In questi giorni faticosi penso spesso al suono della campanella. Quel suono a volte fastidioso, ma sempre emozionante, che fino a due anni fa ogni mattina rappresentava per me il vero inizio della giornata: salutare le colleghe e i colleghi insegnanti, il mio dirigente scolastico, il personale ATA, incontrare le studentesse e gli studenti, e quell’aula vuota che in pochi secondi si riempiva di vita, risate, rumore, sguardi assonnati. Penso a quanto possa mancare ora a tutti noi quella campanella. E mi chiedo: se fossi stata a scuola da docente o da dirigente scolastico, cosa avrei fatto io davanti a quest’emergenza che ha sconvolto le abitudini di tutti noi? Mi chiedo che cosa avrei fatto davanti ai volti smarriti degli alunni, alle notizie atroci di studenti che perdono i loro affetti più cari senza nemmeno poterli salutare, a bimbi che non capiscono il perché di tutto ciò, come del resto gli adulti.
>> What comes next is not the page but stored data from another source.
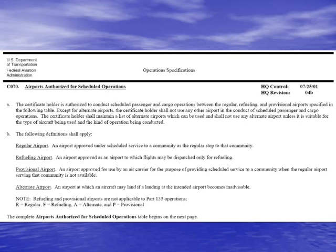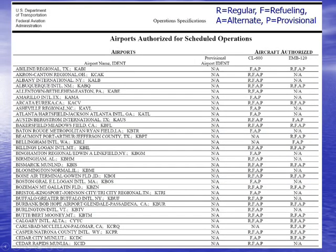An airport may be listed as an alternate airport only — it may appear in a flight release as an alternate, but it wouldn't be the airport where the airline was actually intending to end up. The codes used are: R for regular, F for refueling, A for alternate, and P for provisional. These are all airports for scheduled operations for SkyWest Airlines, which is a flag or domestic air carrier operating under almost all domestic rules.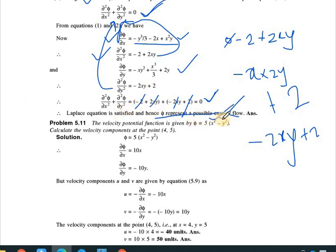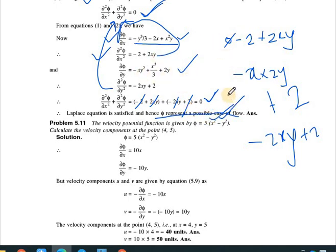The other numericals we will do in the next class. Thank you so much.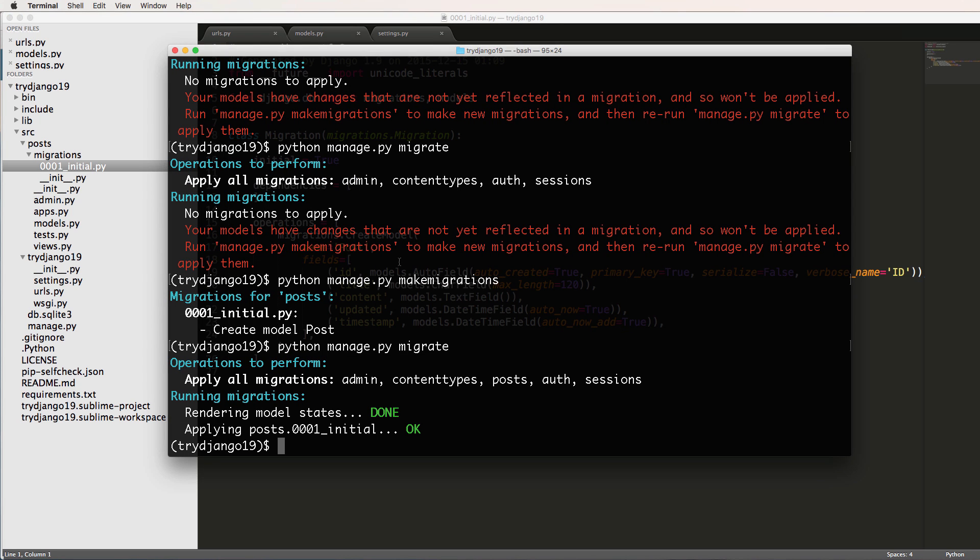Cool. So that's our first model and our first app. If you have any questions on what we did here, let us know. In the next one, we will talk about how to bring this model into the admin specifically so we can actually store some data using it. So again, if you have any questions, let us know. Otherwise, let's keep going.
Chi fa il docente o il dirigente scolastico sa che c’è una sola risposta possibile. Si sta in ogni modo accanto ai nostri ragazzi, per la piena consapevolezza della funzione che si è chiamati a svolgere, e che va ben oltre l’insegnamento di una materia o la direzione di un’istituzione scolastica. Gli studenti hanno voglia e diritto di andare avanti. I messaggi che mi inviano quotidianamente da tutta Italia dicono questo: hanno bisogno di stare in contatto con i loro “prof” e con i compagni, sono motivati a continuare a crescere e imparare, forse anche più di prima. E vogliono farlo insieme agli altri, nonostante o proprio a causa della distanza fisica e dell’isolamento obbligato.
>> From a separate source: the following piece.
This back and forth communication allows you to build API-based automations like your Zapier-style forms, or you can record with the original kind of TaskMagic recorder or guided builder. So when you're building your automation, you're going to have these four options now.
C’è un’altra scintilla di speranza che brilla nel buio di questi giorni, ed è il rinsaldarsi del rapporto tra scuola e famiglia: si sta sviluppando una nuova forma di cooperazione per mandare avanti la didattica e soprattutto la relazione docenti-studenti. Ciascuno fa il proprio meglio, mette a disposizione tempo e competenze per il bene esclusivo dei nostri ragazzi. La didattica a distanza sta diventando una risorsa (così come lo è sempre stata nella scuola in ospedale) che sopperisce all’impossibilità di fare lezione in presenza, e sta permettendo a docenti, ragazzi e famiglie di riscoprire una vicinanza, una collaborazione ed un’alleanza che sono ancora più preziose di fronte al senso di incertezza che comprensibilmente tutti sentiamo. Anche da questo punto di vista questa pandemia, drammatica, ha portato un cambiamento ispirato dallo sforzo comune per supportare i ragazzi nell’organizzazione dello studio e di una nuova esperienza di vita. Le piattaforme, la didattica a distanza e i libri di testo digitali sono il gesso e la lavagna di questo tempo.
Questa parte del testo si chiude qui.